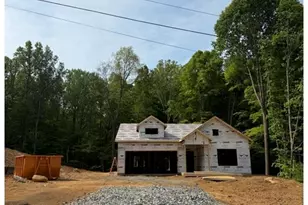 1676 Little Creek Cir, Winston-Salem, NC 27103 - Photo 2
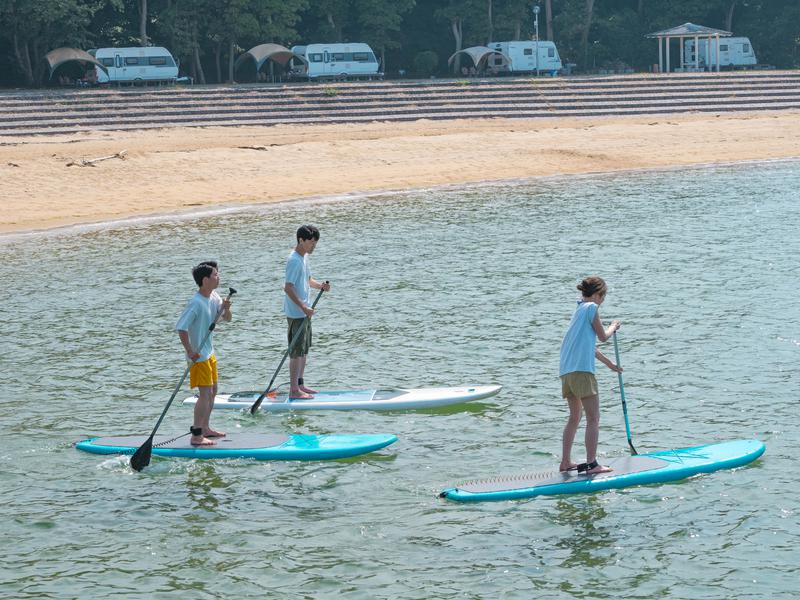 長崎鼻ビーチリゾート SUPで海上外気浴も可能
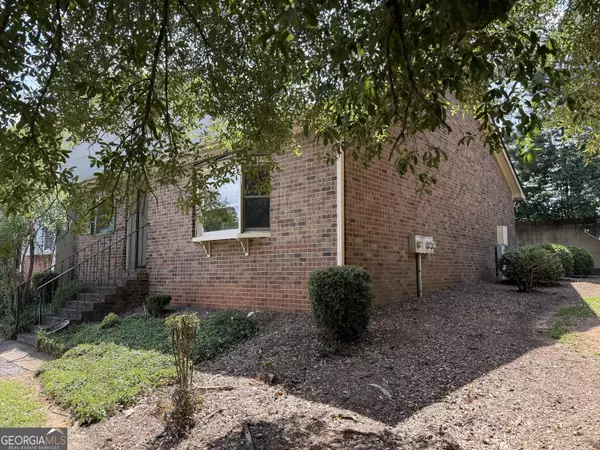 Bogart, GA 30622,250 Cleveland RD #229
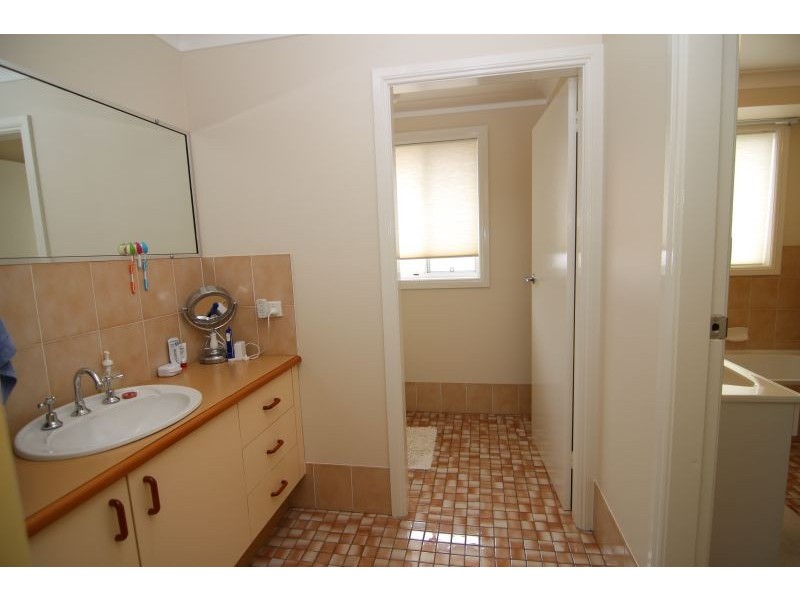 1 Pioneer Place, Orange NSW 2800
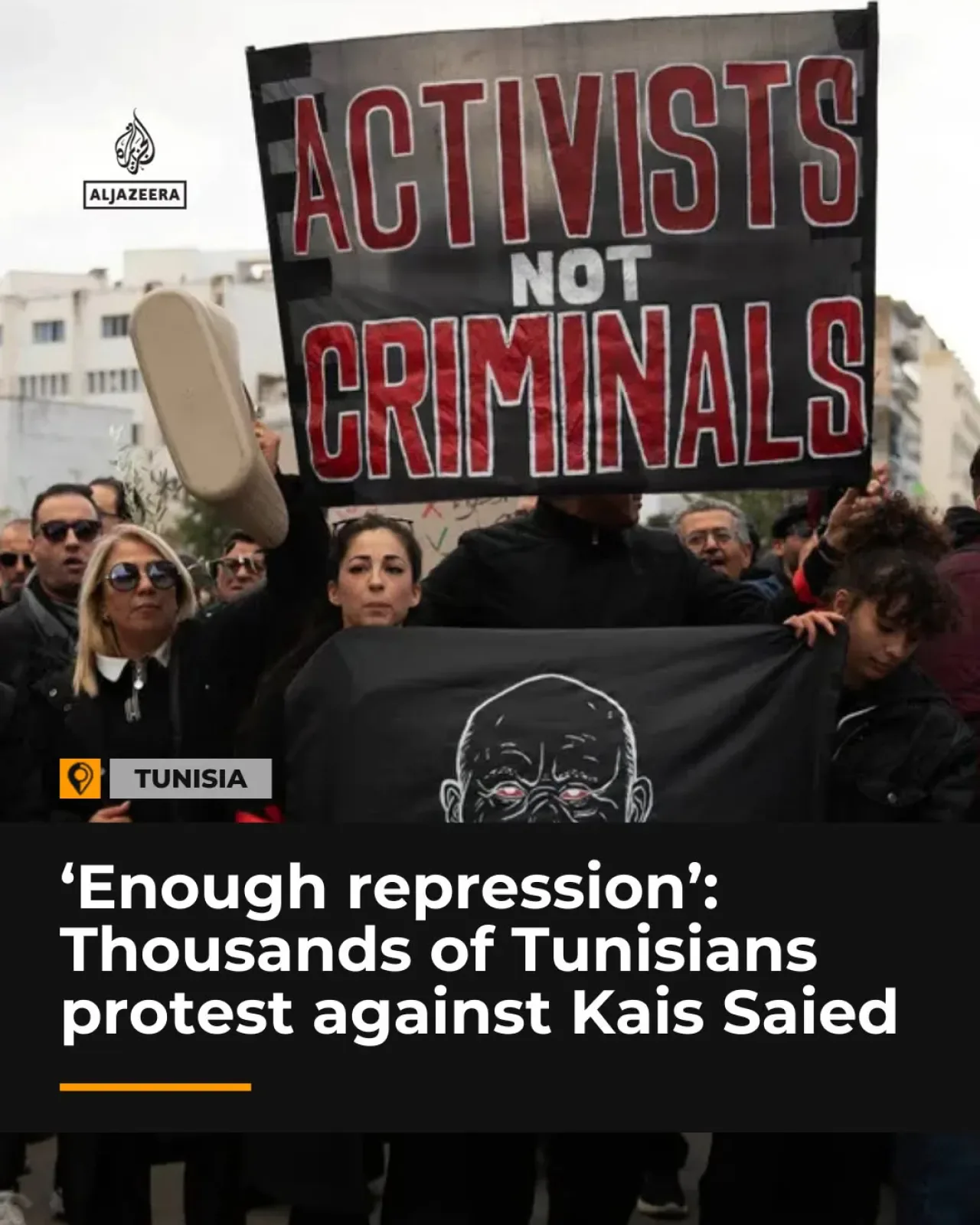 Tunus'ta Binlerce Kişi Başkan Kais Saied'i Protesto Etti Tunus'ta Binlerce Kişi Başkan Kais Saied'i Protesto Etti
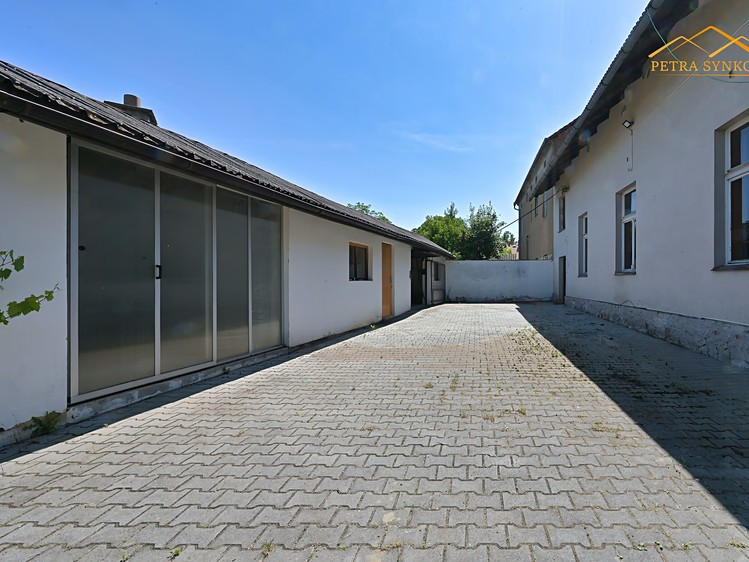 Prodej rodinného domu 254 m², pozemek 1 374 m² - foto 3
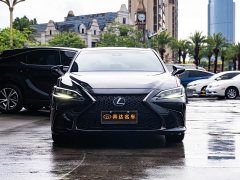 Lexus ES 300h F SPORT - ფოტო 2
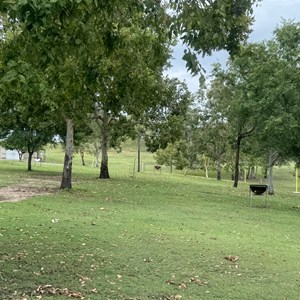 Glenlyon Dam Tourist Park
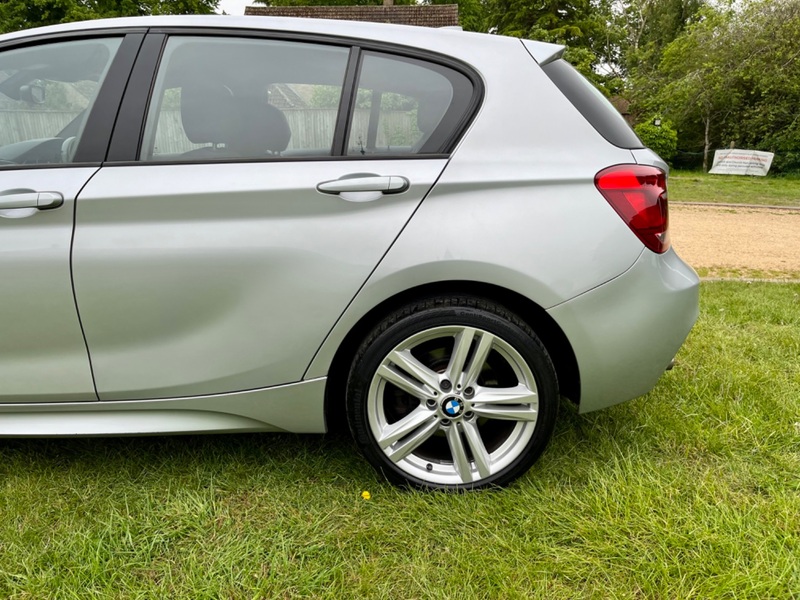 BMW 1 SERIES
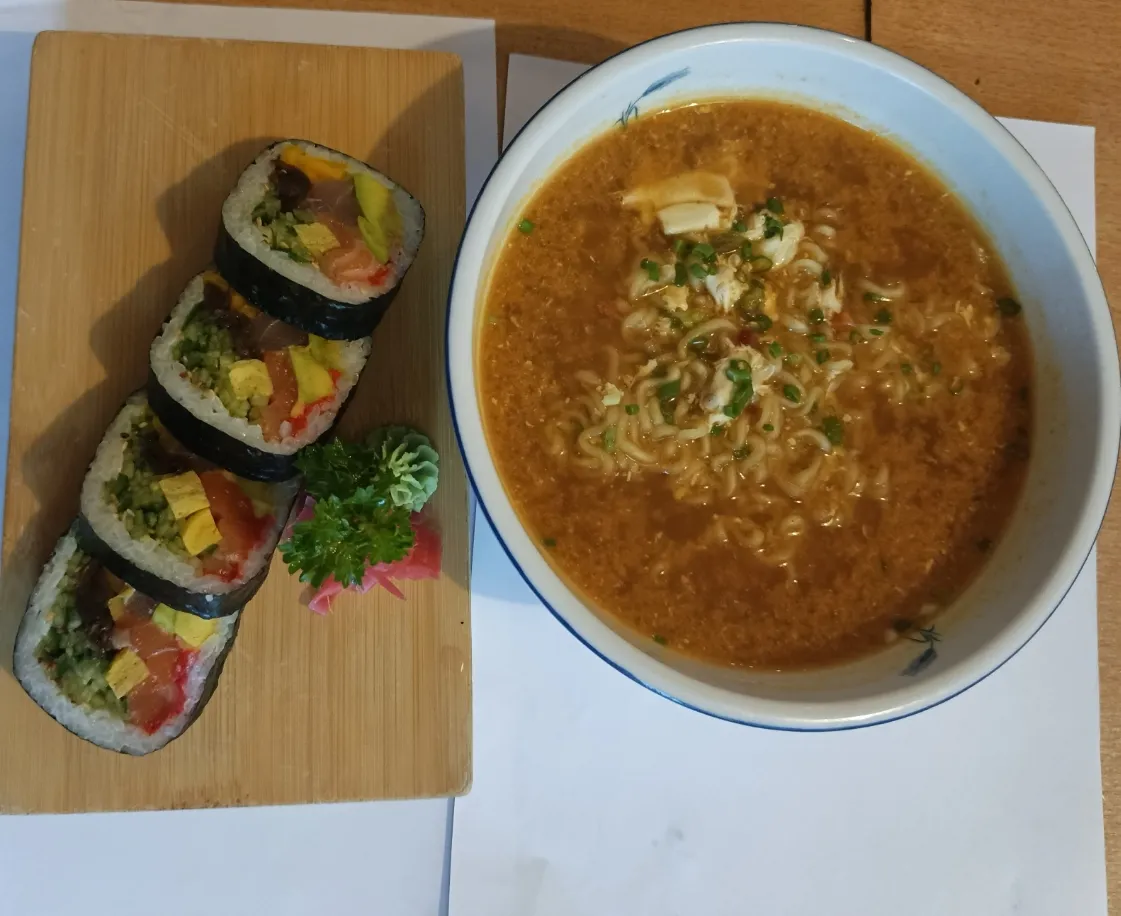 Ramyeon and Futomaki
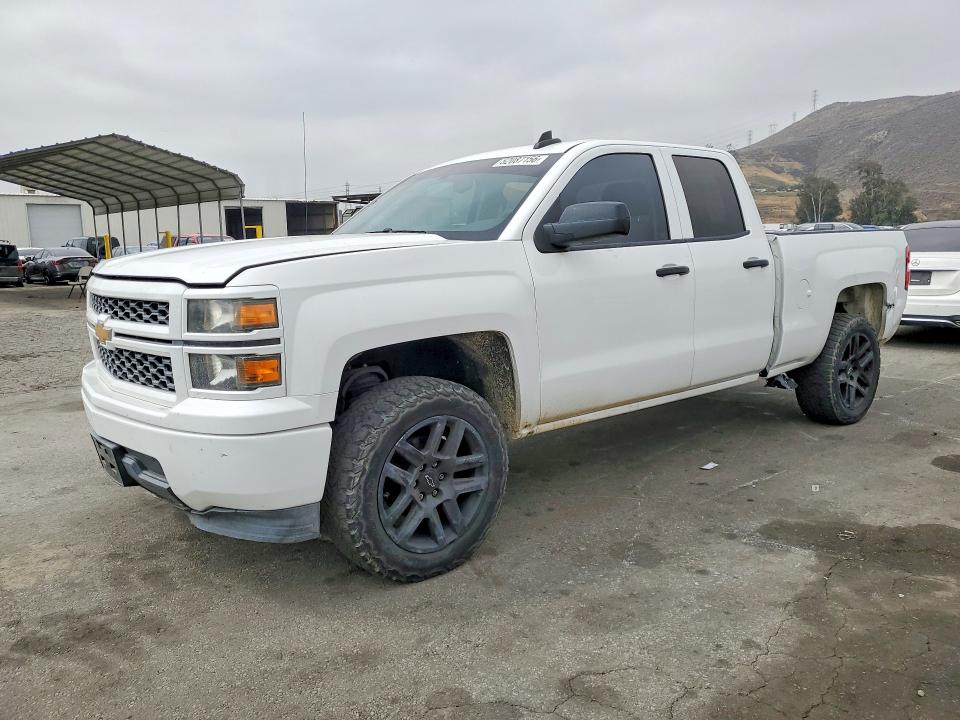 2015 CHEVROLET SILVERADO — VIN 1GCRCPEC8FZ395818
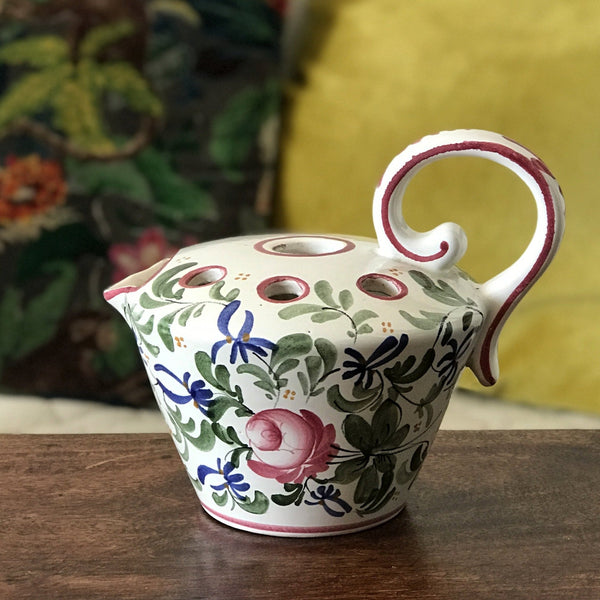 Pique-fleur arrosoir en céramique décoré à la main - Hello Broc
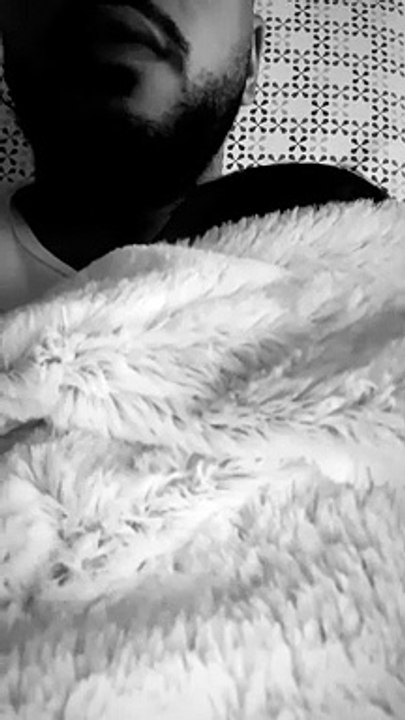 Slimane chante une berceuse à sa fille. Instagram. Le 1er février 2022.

> [Problem to solve] Without the pictures, repeat every record above exactly as written.

> [Response to the task]
 1676 Little Creek Cir, Winston-Salem, NC 27103 - Photo 2
 長崎鼻ビーチリゾート SUPで海上外気浴も可能
 Bogart, GA 30622,250 Cleveland RD #229
 1 Pioneer Place, Orange NSW 2800
 Tunus'ta Binlerce Kişi Başkan Kais Saied'i Protesto Etti Tunus'ta Binlerce Kişi Başkan Kais Saied'i Protesto Etti
 Prodej rodinného domu 254 m², pozemek 1 374 m² - foto 3
 Lexus ES 300h F SPORT - ფოტო 2
 Glenlyon Dam Tourist Park
 BMW 1 SERIES
 Ramyeon and Futomaki
 2015 CHEVROLET SILVERADO — VIN 1GCRCPEC8FZ395818
 Pique-fleur arrosoir en céramique décoré à la main - Hello Broc
 Slimane chante une berceuse à sa fille. Instagram. Le 1er février 2022.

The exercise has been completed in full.